The main reason behind Russian President Vladimir Putin’s decision last week to remove Defense Minister Anatoly Serdyukov has become clearer in recent days with the subsequent firing of Chief of Staff Gen. Nikolai Makarov and other senior defense officials and military officers in Russia’s Ministry of Defense. Taken together, the dismissals suggest that the shakeup was not due primarily to sex scandals, corrupt practices or alienation of the officer corps, as has been claimed by various observers. Rather, the purge was the result of a power struggle over who should control the distribution of the $700 billion that Putin pledged in February to spend on new weapons purchases by 2020.
The Russian military-industrial complex, which includes the country’s major defense firms, armed force commanders and their key political supporters inside the government, wants the funds without impediment. Throughout his years in office, however, Serdyukov along with other Defense Ministry officials constantly castigated the defense-industrial sector for producing outdated and overpriced weapons.

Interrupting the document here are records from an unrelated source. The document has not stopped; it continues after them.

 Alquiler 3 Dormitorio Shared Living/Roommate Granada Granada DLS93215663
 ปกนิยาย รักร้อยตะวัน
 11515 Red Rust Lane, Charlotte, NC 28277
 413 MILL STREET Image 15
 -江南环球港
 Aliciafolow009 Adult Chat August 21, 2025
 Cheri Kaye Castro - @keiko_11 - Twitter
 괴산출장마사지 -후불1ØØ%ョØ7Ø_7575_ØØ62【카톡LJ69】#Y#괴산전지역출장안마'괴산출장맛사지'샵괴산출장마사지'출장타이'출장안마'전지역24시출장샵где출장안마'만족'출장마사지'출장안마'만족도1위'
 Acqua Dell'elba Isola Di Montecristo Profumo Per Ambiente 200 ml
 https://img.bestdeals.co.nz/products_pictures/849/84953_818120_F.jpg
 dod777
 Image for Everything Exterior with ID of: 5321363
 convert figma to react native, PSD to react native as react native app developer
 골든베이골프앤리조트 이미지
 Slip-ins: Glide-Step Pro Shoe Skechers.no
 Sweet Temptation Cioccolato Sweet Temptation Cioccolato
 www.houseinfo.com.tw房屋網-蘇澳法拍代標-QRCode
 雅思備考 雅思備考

He also refused to sign defense contracts without guarantees of higher quality and cheaper prices from the defense industry, and declined to buy weapons systems that had not been fully tested or for which no identified military requirement existed.
The Defense Ministry also became sterner in rejecting the massive price increases demanded by Russian industry and at times even turned to foreign manufacturers to buy weapons systems that Russian domestic producers could not deliver in a timely and cost-effective manner. According to Serdyukov, this more demanding approach resulted in the Defense Ministry not buying various armored vehicles, artillery pieces and other costly defense equipment that would have generated hefty profits for the defense industry.